Optical brightening agents are compounds which absorb light in the ultraviolet and violet part of the electromagnetic spectrum and re-emit the light in the blue region. They are often used in conventional glass and dish washing compositions to provide a cleaner and brighter appearance.
Despite being effective in the removal of general stains such as food and beverage debris, conventional glass and dish washing compositions are less effective in removing lipstick residues from glasses and dishes. This is because lipsticks may contain pigments, oils, waxes and antioxidants which are hydrophobic in nature and difficult to remove.
Other drawbacks encountered when using conventional glass and dish washing compositions include flat beer/poor head retention and lacing, streaks and spots left on glasses and etching of glasses.
WO-A-98/04660 relates to a glass washing composition for removing lipstick residues from glassware. The glass washing composition comprises a non-ionic surfactant in a suitable solvent such as water. A co-solvent (for example isopropyl alcohol) may also be present.
The present invention aims to overcome or substantially mitigate certain drawbacks of conventional glass washing compositions by providing a blend of two alkoxylated alcohols or of an alkoxylated alcohol and isopropyl alcohol in combination with sodium bicarbonate.

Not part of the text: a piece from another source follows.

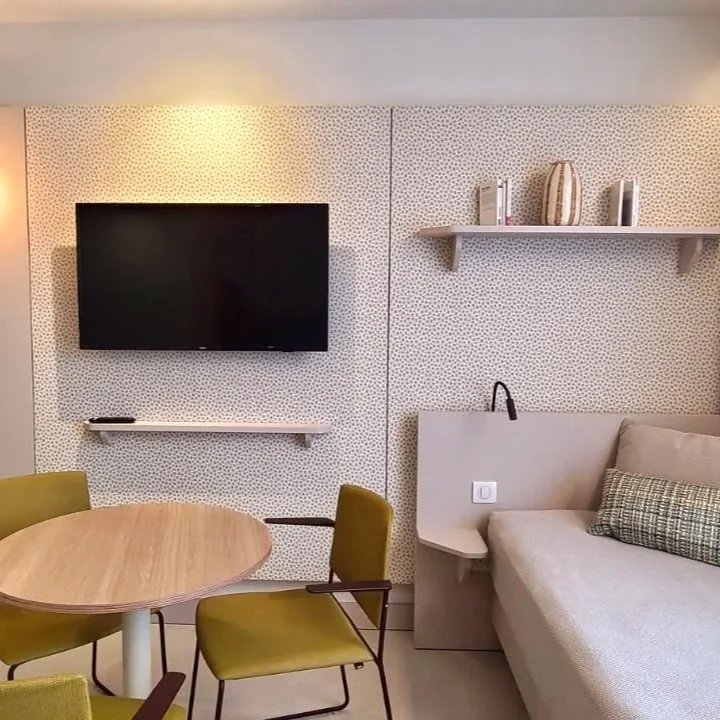 Salon moderne avec télévision à écran plat, canapé beige avec coussin, étagère avec livres et vases, table ronde en bois, quatre chaises vertes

Thus viewed from a first aspect the present invention provides an aqueous glass and dish washing composition comprising:

sodium bicarbonate in an amount in the range 1 to 5% (w/w);
a first alkoxylated alcohol in an amount in the range 1 to 20% (w/w); and
a second alkoxylated alcohol in an amount in the range 1 to 20% (w/w) or isopropyl alcohol in an amount in the range of 5 to 10% (w/w).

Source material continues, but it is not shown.